Integrations available out of the box
- AI assistants: Databricks AI Assistants, Claude.ai, Claude Code, Cursor, Continue.dev, Cline (via MCP)
- Catalogs: Unity Catalog (primary), Snowflake Horizon push, Microsoft Purview push (cross-cloud tenants)
- Ingest: Databricks-native ingestion patterns, Databricks DLT, REST, database direct, and landing-zone ingestion
- Vault: Databricks Secret Scopes, Azure Key Vault, AWS Secrets Manager
- Auth: OIDC, Entra ID, GitHub, Okta, Auth0
- BI: dbt Semantic Layer / MetricFlow / Cube exports; Power BI / Tableau / Qlik connection guides
How to deploy
| Pattern | Cloud | When |
|---|---|---|
| AKS-host + Databricks workspace | Azure | Recommended day-1. Helm chart deploys control plane to AKS; dispatches Workflows to Databricks. |
| EKS-host + Databricks workspace | AWS | On the roadmap. Same product, AWS-native Terraform. |
| Self-host on existing Kubernetes | Any | If you already run K8s elsewhere; chart works on any compliant K8s 1.28+. |
Pricing posture
- Apache-2.0 today, no BSL planned. Full adapter, full Helm chart, full CLI. There is no “community edition” feature-gating in the codebase today; if that ever changes, we’d say so before doing it. See /pricing.

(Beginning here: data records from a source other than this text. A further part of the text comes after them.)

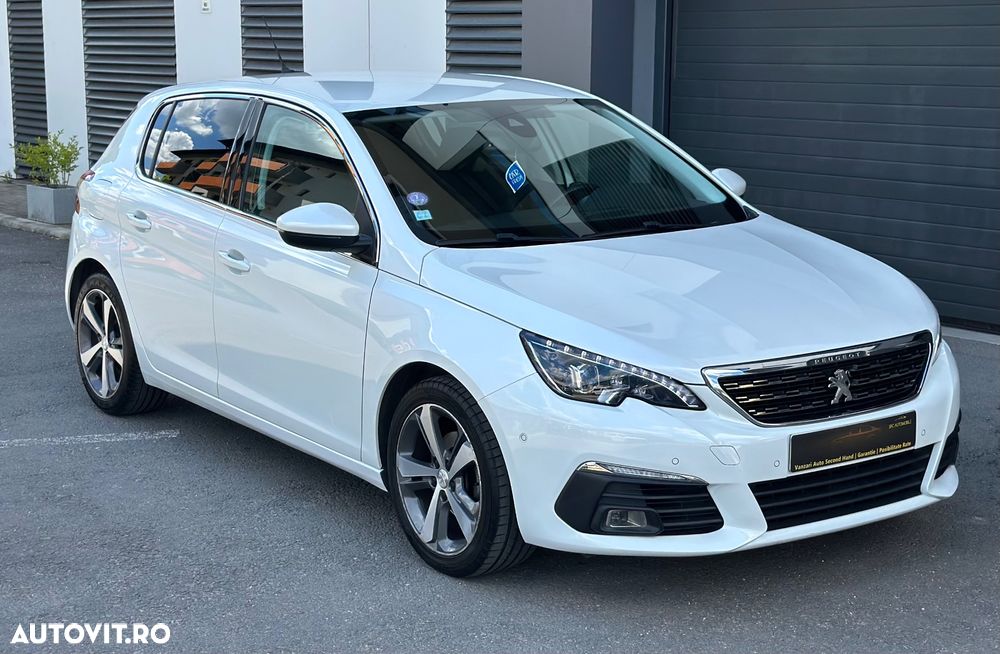 Peugeot 308 PureTech 130 EAT6 Stop & Start Allure - 8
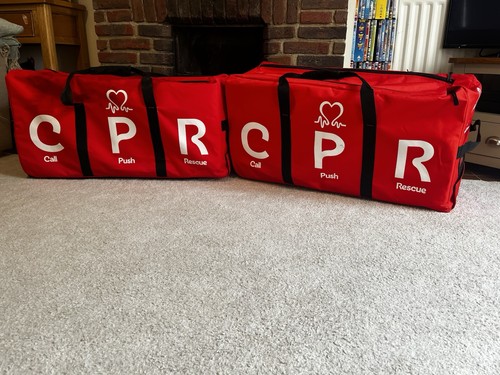 Mini anne cpr - aed, training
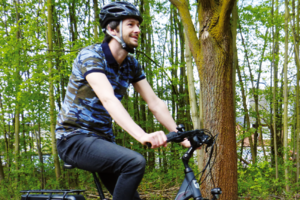 RADfahren Test Nuvinci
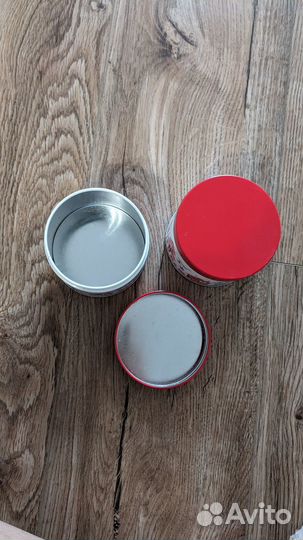 Новогодние банки для хранения IKEA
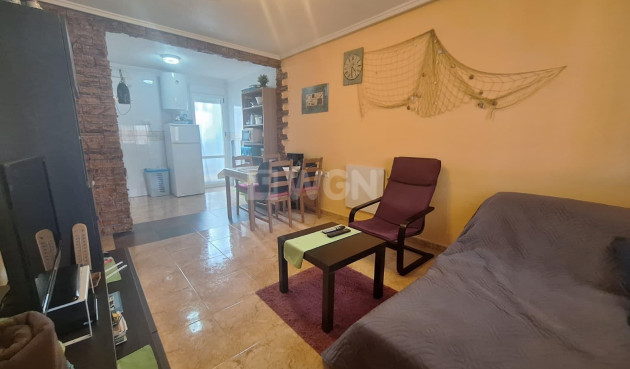 Odsprzedaż - Bungalow - Torrevieja - El Limonar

A note on the Databricks ecosystem
Kirimana exists to make Databricks customers more Databricks- engaged. Every value-add above increases your customers’ use of Unity Catalog and Workflows — operationalised through contracts, mandatory ownership, fail-closed authoring, and mandatory audit that make them safe for regulated industries.
Open source, Apache-2.0, and ecosystem-friendly. ODCS aligns with the open standards Databricks already champions (Delta Lake, Unity Catalog OSS, MLflow, Apache Spark). Roadmap target: Databricks Marketplace listing + Databricks App deployment.